With help of function defined inside this namespace you can define your own spit criteria. If these, automatically generated from attribute definitions are not enough for you. This should not be generally needed, for some advanced usages, you can create some pseudo fields in your data set.
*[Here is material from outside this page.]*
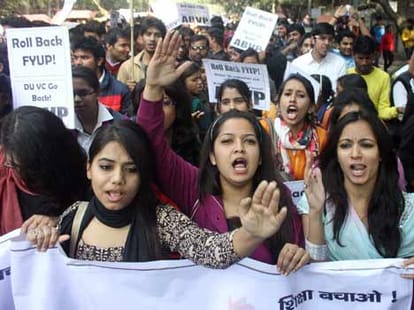  UGC directs DU to roll-back FYUP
// WARNING: code is just for demonstration, how to use functions inside split namespace
// you can achieve same effect with data set preprocessing and it will be probably easier (recreate dataset to your needs)

import {
  growTree,
  buildAlgorithmConfiguration,
  split,
  impurity,
  prune,
  sampleDataSets,
  TreeGardenDataSample,
  TreeGardenConfiguration
} from 'tree-garden';


// lets use build-in titanic data set
const { titanicSet } = sampleDataSets;

// lets speedup training phase and have just two age categories - by default all age ranges are generated
const myOwnContinuousAttributeGatheringFn = (attributeId:string, dataSet:TreeGardenDataSample[], configuration:TreeGardenConfiguration) => {
  if (attributeId === 'age') {
    // see we need to return array of arrays as you usually generate more criteria from single attribute
    return [
      ['age', '<', 10], // chick
      ['age', '>', 40] // elder
    ];
  }
  return split.getPossibleSpitCriteriaForContinuousAttribute(attributeId, dataSet, configuration);
};


const algorithmConfig = buildAlgorithmConfiguration(titanicSet, {
  // removed attributes with many values - i can use information gain, which is cheaper for calculation
  excludedAttributes: ['ticket', 'embarked', 'name', 'cabin'],
  getScoreForSplit: impurity.getInformationGainForSplit,
  getAllPossibleSplitCriteriaForContinuousAttribute: myOwnContinuousAttributeGatheringFn
});

const rawTree = growTree(algorithmConfig, titanicSet);
const prunedTree = prune.getPrunedTreeByPessimisticPruning(rawTree);

// output result - put it to visualization tool
console.log(JSON.stringify(prunedTree));

If you put output to visualization tool, you can see our split criteria was used couple of times ;)

Functions

Functions

getPossibleSpitCriteriaForContinuousAttribute

getPossibleSpitCriteriaForContinuousAttribute(attributeId, dataSet, configuration): SplitCriteriaDefinition[]

Parameters

Name Type
attributeId string
dataSet TreeGardenDataSample[]
configuration Object

Returns

SplitCriteriaDefinition[]

Defined in

split.ts:181


getPossibleSpitCriteriaForDiscreteAttribute

getPossibleSpitCriteriaForDiscreteAttribute(attributeId, dataSet, configuration): SplitCriteriaDefinition[]

Parameters

Name Type
attributeId string
dataSet TreeGardenDataSample[]
configuration Object

Returns

SplitCriteriaDefinition[]

Defined in

split.ts:167


getSplitCriteriaFn

getSplitCriteriaFn(attributeId, operator, value?): (currentSample: TreeGardenDataSample) => any

Factory function that returns function that accepts sample and decides what is its tag for splitting useful for unit tests.

Example

const splitDefinition = ['weight', '>', 30] as const;
const splitter = split.getSplitCriteriaFn(...splitDefinition);
console.log(splitter({ weight: 40 })); // should show true

Parameters

Name Type
attributeId string
operator "==" | ">=" | "<=" | ">" | "<"
value? string | number | Function | (string | number)[]

Returns

fn

(currentSample): any

Parameters
Name Type
currentSample TreeGardenDataSample
Returns

any

Defined in

split.ts:47